§ **Source information**:
# # #
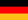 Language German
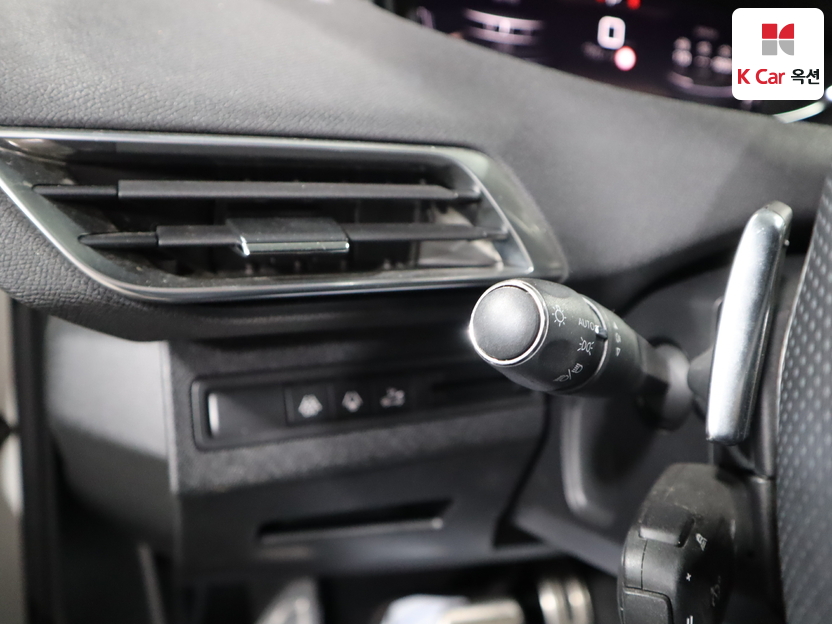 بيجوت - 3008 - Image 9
# # #
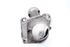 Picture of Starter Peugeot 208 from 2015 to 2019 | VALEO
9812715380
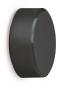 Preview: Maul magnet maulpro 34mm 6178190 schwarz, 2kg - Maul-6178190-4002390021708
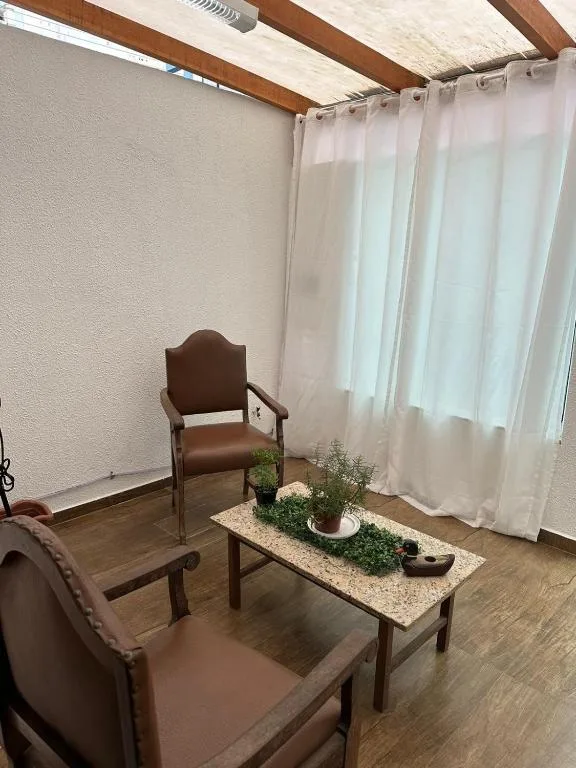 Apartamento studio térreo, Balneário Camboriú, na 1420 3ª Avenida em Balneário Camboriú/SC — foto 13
# # #
§ **Aim of the exercise**:
Only one stretch of the data is wanted: write out exactly the lines from the one holding "Preview: Maul magnet" through the one holding "Apartamento studio térreo, Balneário", both included, without the pictures.

§ **Response for this exercise**:
 Preview: Maul magnet maulpro 34mm 6178190 schwarz, 2kg - Maul-6178190-4002390021708
 Apartamento studio térreo, Balneário Camboriú, na 1420 3ª Avenida em Balneário Camboriú/SC — foto 13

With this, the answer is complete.